Conocí a Fernando en Santiago de Chile, en junio de 2011; ambos éramos jurados (en distintas competencias) en FIDOCS; desde entonces, creo, tenemos una amistad a la distancia. Que él haya elegido el blog para publicar este texto inédito en el país es un verdadero honor. Mi admiración por él proviene de antes; ahora, a mi deslumbramiento por su conocimiento y cinefilia, se le suma un sostenido afecto. (Roger Koza)
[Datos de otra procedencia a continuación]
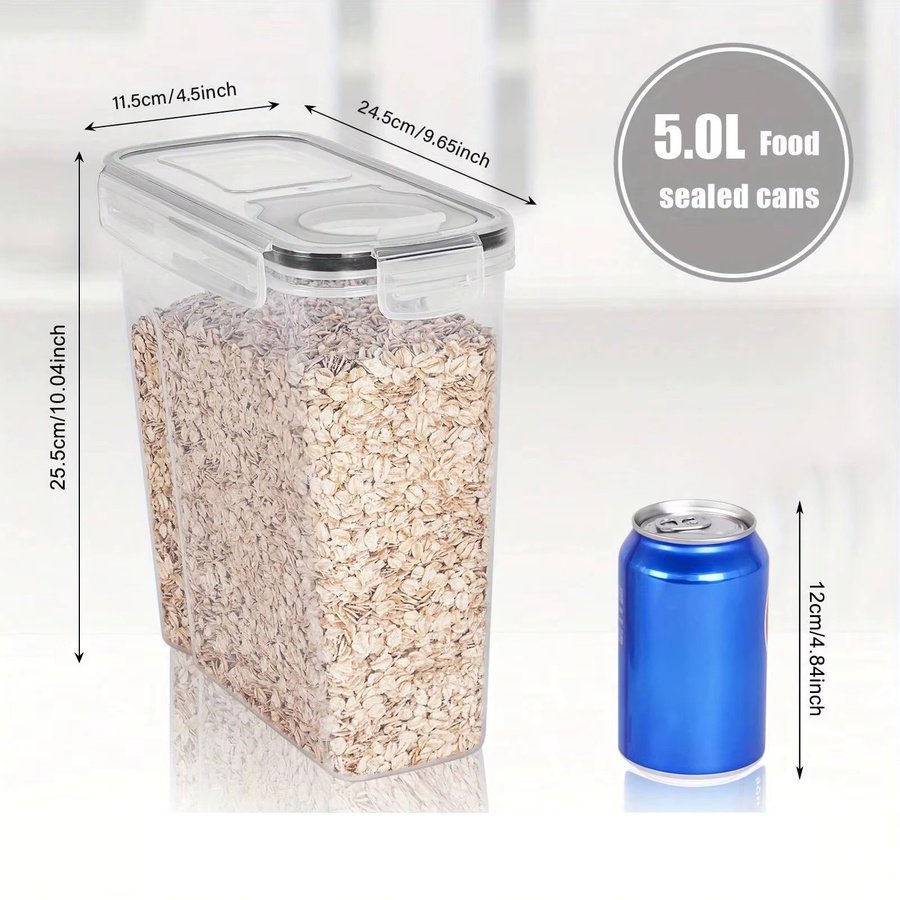 2/3-teiliges Getreidebehälter-Aufbewahrungsset aus Kunststoff, transparent, 5 l Füllmenge - Bild 2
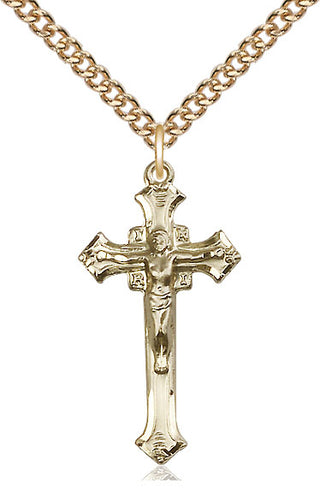 14kt Gold Crucifix Medal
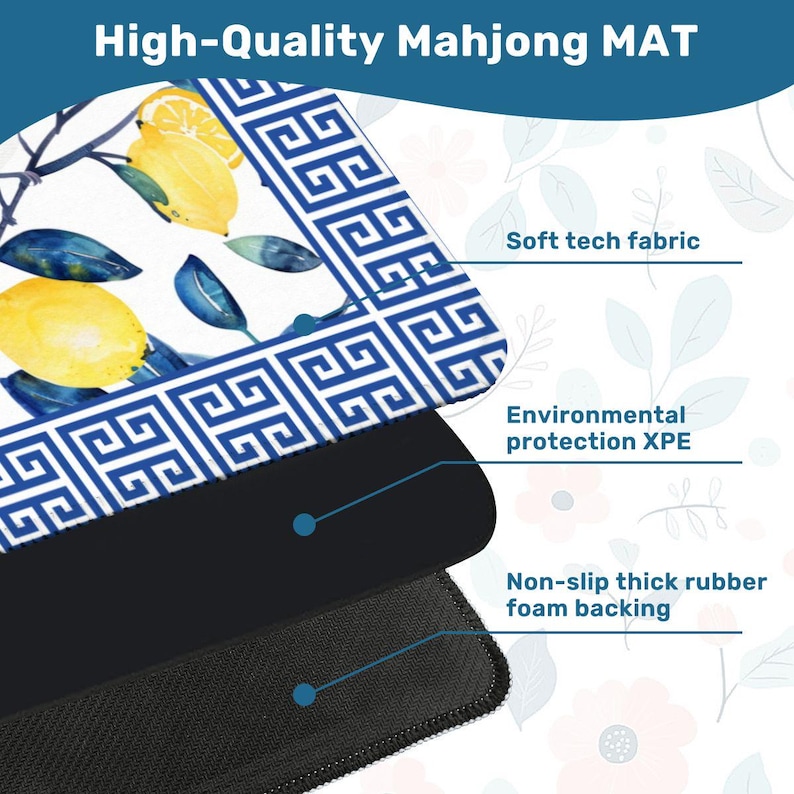 Blue Lemon Chinoiserie Mahjong Mat- Bird & Citrus Mah jongg Table Topper, Mahjong Night Gaming Accessories, Mahj Gift for Her, SHIPS ROLLED image 5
Si en su ópera prima Crónica de un niño solo las influencias cinematográficas eran más o menos obvias en algunas secuencias, en su segundo largometraje hay una extraordinaria depuración estilística que deja expuesta sólo la propia voz. Crónica… sorprendía por la seguridad que Favio demostraba en el uso de sus recursos narrativos y por la marcada austeridad de su tono, pero parece una película barroca si se la compara con Este es el romance..., donde lo único que escapa a la rigurosa síntesis expositiva es la longitud de su título. Esta vez las influencias pertenecen exclusivamente al entorno más próximo del realizador: un cuento de su hermano Zuhair Jury, la atmósfera del pueblo de ambos (Luján de Cuyo, en la provincia de Mendoza, donde se rodó todo el film) y el gusto por las diversas formas de entretenimiento popular, en este caso el teatro de pueblo o las historietas.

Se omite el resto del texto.